Michael McDermott

Noise From Words, the new album from singer/songwriter Michael McDermott, is a candid song cycle of addiction and redemption—or more accurately, the struggle for redemption. The Chicago-based artist holds nothing back on this boldly autobiographical work, motivated by the same impulse that led him to the lecture circuit, where he speaks to troubled individuals who are battling the same demons McDermott has at long last managed to subdue—though he would assert that this battle is never over. “I do it not because I’m ‘fixed’ or healed,” he says of this impulse to lend a helping hand, “but because I’m broken.”
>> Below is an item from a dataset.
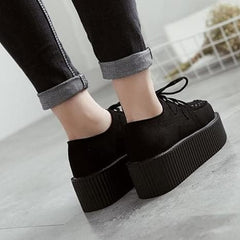 Black Retro Harajuku Shoes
The album (Aug. 28, One Little Indian), primarily performed live in the studio using sparse instrumentation—at times paring things down to just his vocal and acoustic guitar—captures McDermott at his most intimate and most searingly honest, duplicating the cathartic experience of his solo live performances. “It’s fun to have your buds onstage and jump around in front of a band,” he says. “But when it comes down to the solo stuff, it’s very naked and much more difficult to pull off on an emotional level. After a solo set, I’m just drained, not because I’ve been jumping around, but because I’ve just turned myself inside out.”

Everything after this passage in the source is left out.